### Dataset content
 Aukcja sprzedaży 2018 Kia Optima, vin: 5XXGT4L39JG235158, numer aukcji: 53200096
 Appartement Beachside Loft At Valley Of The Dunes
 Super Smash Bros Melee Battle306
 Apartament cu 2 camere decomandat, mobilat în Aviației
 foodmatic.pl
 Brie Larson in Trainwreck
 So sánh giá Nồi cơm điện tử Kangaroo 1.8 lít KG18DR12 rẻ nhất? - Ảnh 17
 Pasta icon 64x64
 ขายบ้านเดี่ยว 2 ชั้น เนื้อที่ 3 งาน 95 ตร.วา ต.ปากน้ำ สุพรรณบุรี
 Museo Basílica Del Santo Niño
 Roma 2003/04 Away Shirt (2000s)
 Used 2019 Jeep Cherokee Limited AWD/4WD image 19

### What needs to be done
Please reproduce the listing word for word, but only from the line that contains "ขายบ้านเดี่ยว 2 ชั้น" to its last line, inclusive.

### Solved problem
 ขายบ้านเดี่ยว 2 ชั้น เนื้อที่ 3 งาน 95 ตร.วา ต.ปากน้ำ สุพรรณบุรี
 Museo Basílica Del Santo Niño
 Roma 2003/04 Away Shirt (2000s)
 Used 2019 Jeep Cherokee Limited AWD/4WD image 19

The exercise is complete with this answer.